Now, as for the footage: Honestly, it was both impressive and not. I don’t want to sound like a contrarian James Cameron hater or anything, but Avatar seemed to suffer from the same problems that Titanic did: Impressive visuals, bad story. I actually think I would’ve enjoyed it more if it were aimed at hardcore sci-fi fans — it might have had a modicum of intelligence. As it were, based on those 15 minutes, Avatar is a visually arresting cartoon movie essentially aimed at 14-year-old boys, which is probably necessary in order to gain back its production cost. The technology is impressive, but the world that Cameron has created with it isn’t. It really is immersive; it’s just not a place I feel particularly interested in being immersed in. It’s soulless. It’s a bunch of dinosaurs and blue people (the blue people, or Na’vi, are apparently crippled humans rebuilt with alien technology). The scenes that were previewed were basically chase scenes: Blue people running from dinosaurs and, another, where the Avatar played by Sam Worthington (completely unrecognizable) breaks in a pterodactyl, like one would break a bull.
All in all: It’s another instance, like Titanic, where Cameron seems really impressed with his own technology, but the truth is, it’s not all that groundbreaking. The 3D experience has been around for a couple of years; Cameron has just overfilled his world with it. It’s very busy, and one guy I talked to afterward, came out with a headache (after only 15 minutes). There’s too much going on in the world, and not enough going on in the story. It’s clunky, cartoonish dialogue (not that dissimilar from GI Joe).
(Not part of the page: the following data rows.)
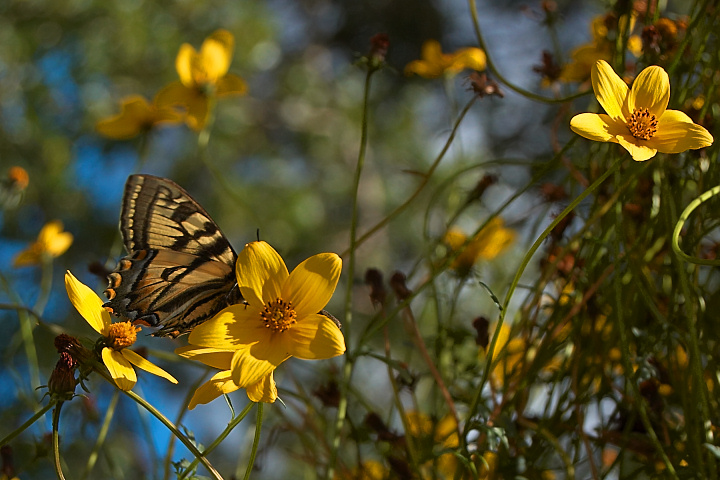 a butterfly in my flowers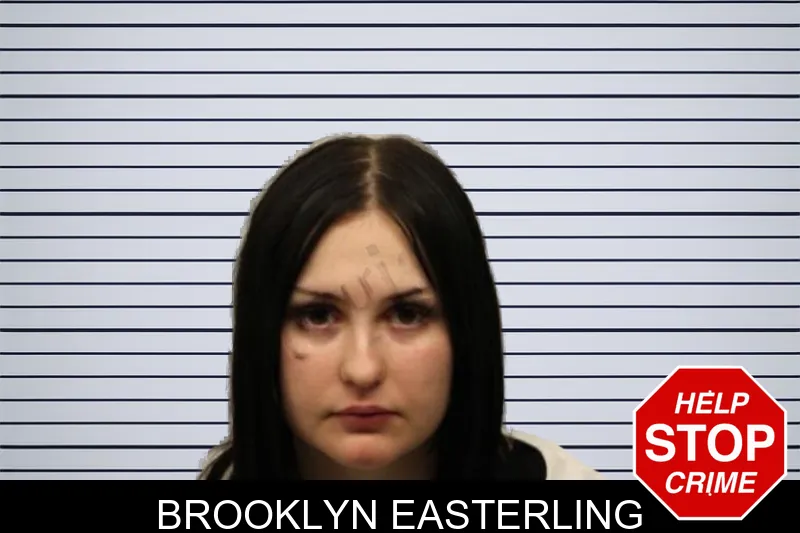Brooklyn Easterling mugshot – Chatham County , Georgia Brooklyn Easterling mugshot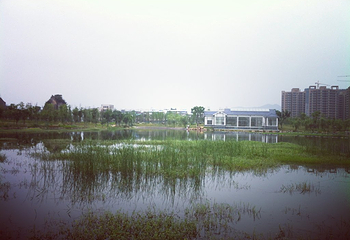 杨府山第 14 张图片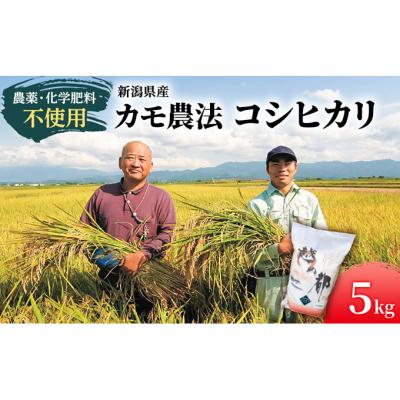 ふるさと納税 新潟市 カモ農法コシヒカリ5kg 米 精米 白米 コシヒカリ 5kg 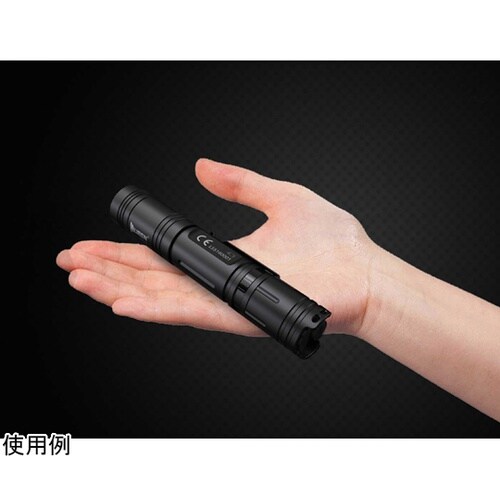 フラッシュライト L50C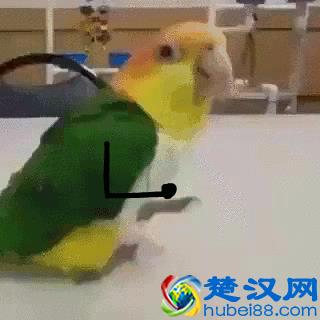  违和感是什么意思（出处及内涵解析）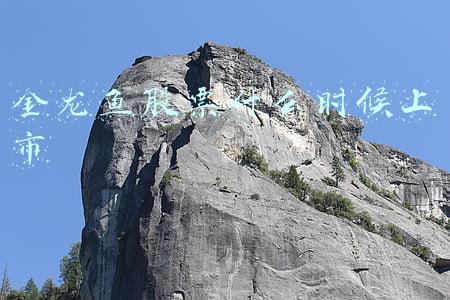 金龙鱼股票什么时候上市的(金龙鱼(300999.SZ)2277.31万股限售股将于4月15日上市流通)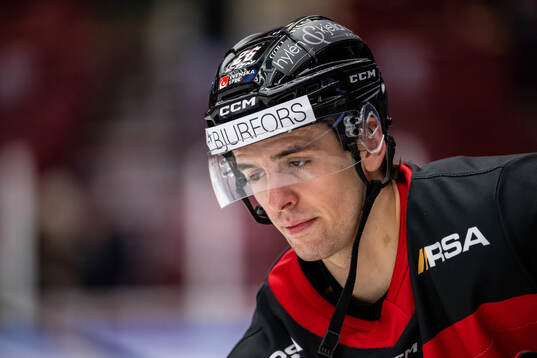 Malmö Redhawks Thomas Schemitsch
However, all was not lost. Before the preview, I did get to see 3D trailers for a couple of other movies, and I have to say: The 3D trailer for Cloudy with a Chance of Meatballs completely blew me away. I was a lot more impressed with it than I was in Avatar — it was surreal. The food, which fell from the sky, really did feel as though it were falling on me. And there were several instances during that trailer (and to a lesser extent, the fairly spectacular 3D trailer of Alice in Wonderland) where I had to prevent myself from being the jackass that wanted to reach out my hand and touch the images on the screen, which felt as though they were right in front of me. Cloudy with a Chance of Meatballs may be a surprisingly huge hit this fall.
Back to Avatar: I have no doubt, if Cameron can find enough 3D screens to put it on, that it’ll be huge (the teaser trailer was viewed over 4 million times on Apple). It’s mainstream as hell, which is to say: Kind of dumb. But if it gets more 3D movies made, I’m actually OK with that. I just don’t think that Avatar, itself,will be anything more than eye-popping and, maybe, migraine-inducing, predictable stupidity.